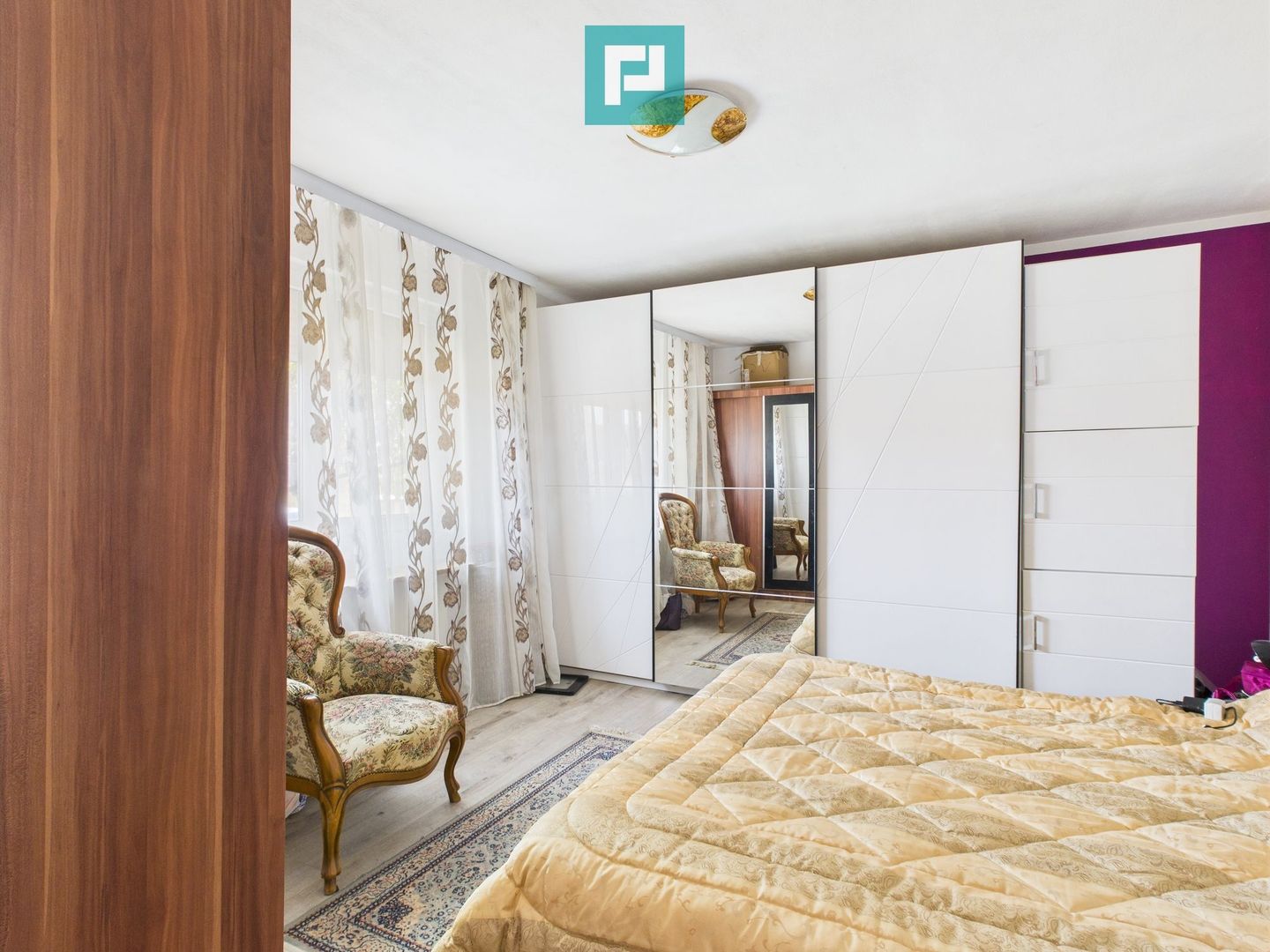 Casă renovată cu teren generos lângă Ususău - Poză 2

==

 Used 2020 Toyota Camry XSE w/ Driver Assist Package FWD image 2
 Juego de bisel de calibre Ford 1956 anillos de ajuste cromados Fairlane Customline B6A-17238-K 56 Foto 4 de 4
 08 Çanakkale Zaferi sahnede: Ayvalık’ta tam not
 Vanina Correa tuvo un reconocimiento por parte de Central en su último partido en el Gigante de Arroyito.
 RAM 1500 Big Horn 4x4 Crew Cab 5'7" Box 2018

--

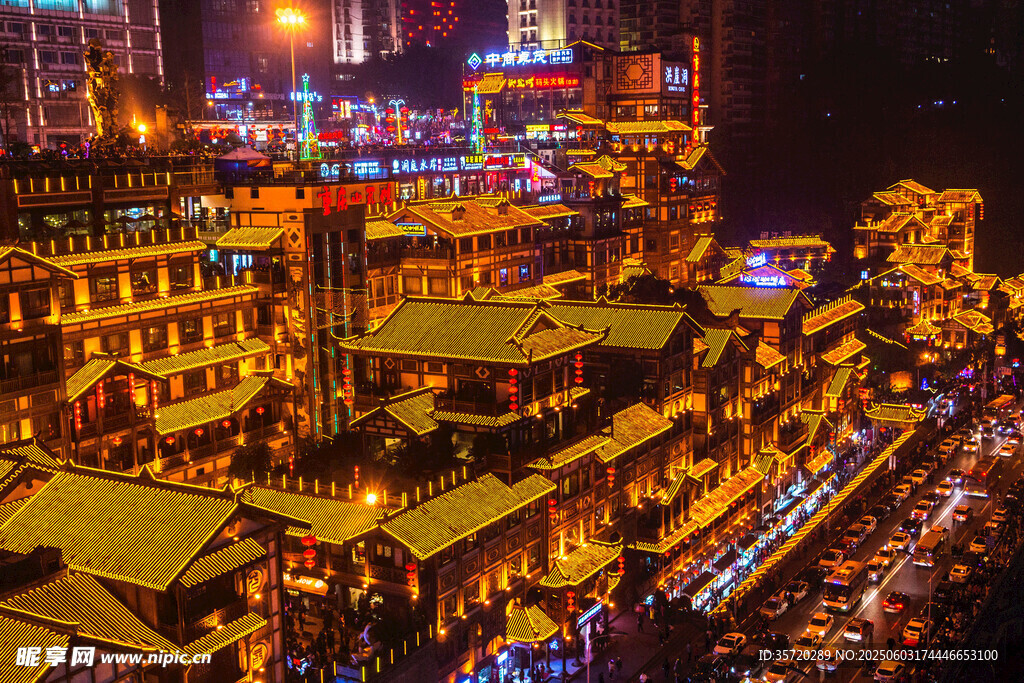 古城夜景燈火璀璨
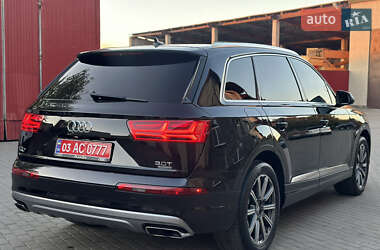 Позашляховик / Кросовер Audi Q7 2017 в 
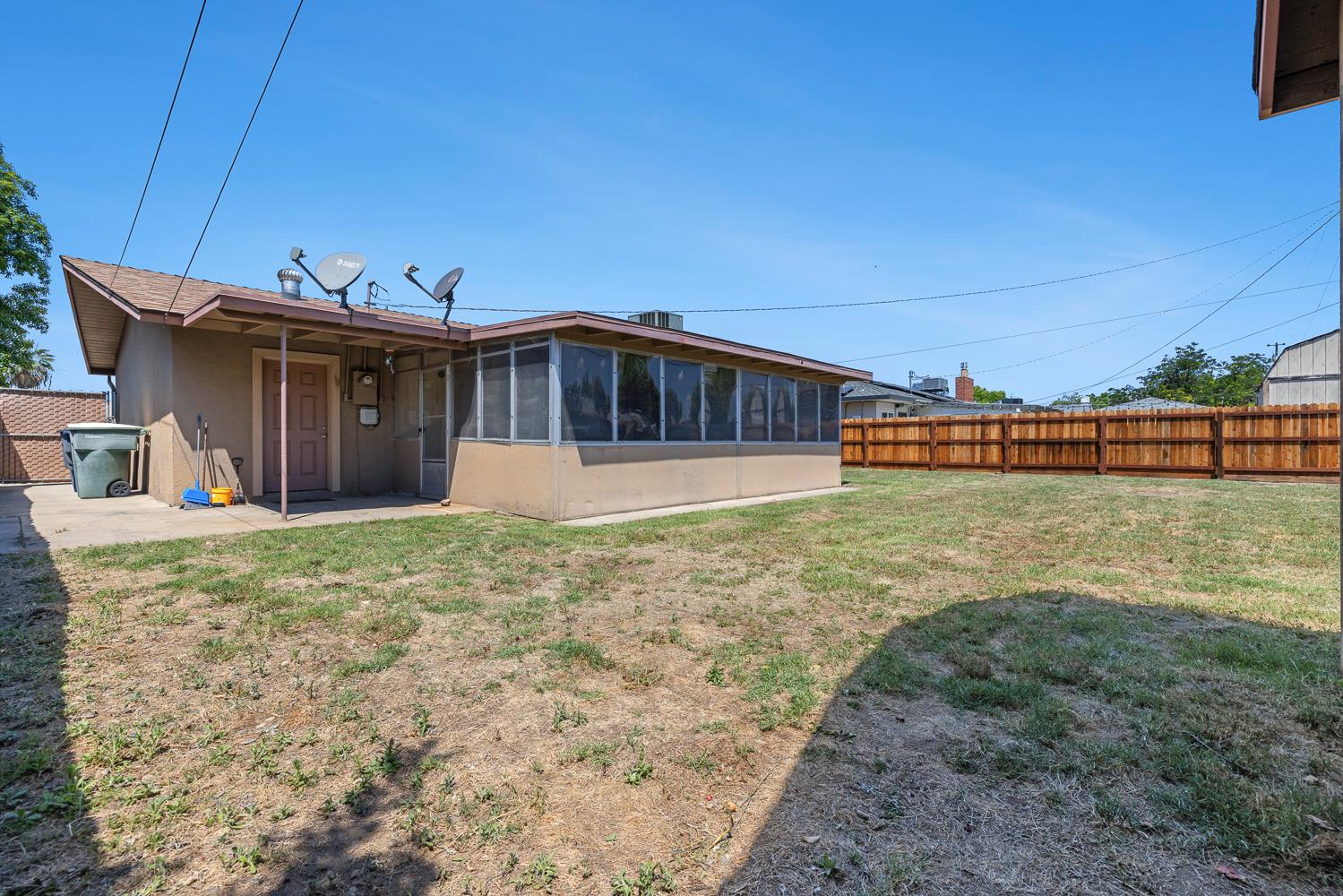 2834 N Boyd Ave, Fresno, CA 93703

Task requirements —
The lines above, starting at the one with "Used 2020 Toyota" and ending at the one with "RAM 1500 Big", are the only ones to return, exactly as written.

Solved exercise —
 Used 2020 Toyota Camry XSE w/ Driver Assist Package FWD image 2
 Juego de bisel de calibre Ford 1956 anillos de ajuste cromados Fairlane Customline B6A-17238-K 56 Foto 4 de 4
 08 Çanakkale Zaferi sahnede: Ayvalık’ta tam not
 Vanina Correa tuvo un reconocimiento por parte de Central en su último partido en el Gigante de Arroyito.
 RAM 1500 Big Horn 4x4 Crew Cab 5'7" Box 2018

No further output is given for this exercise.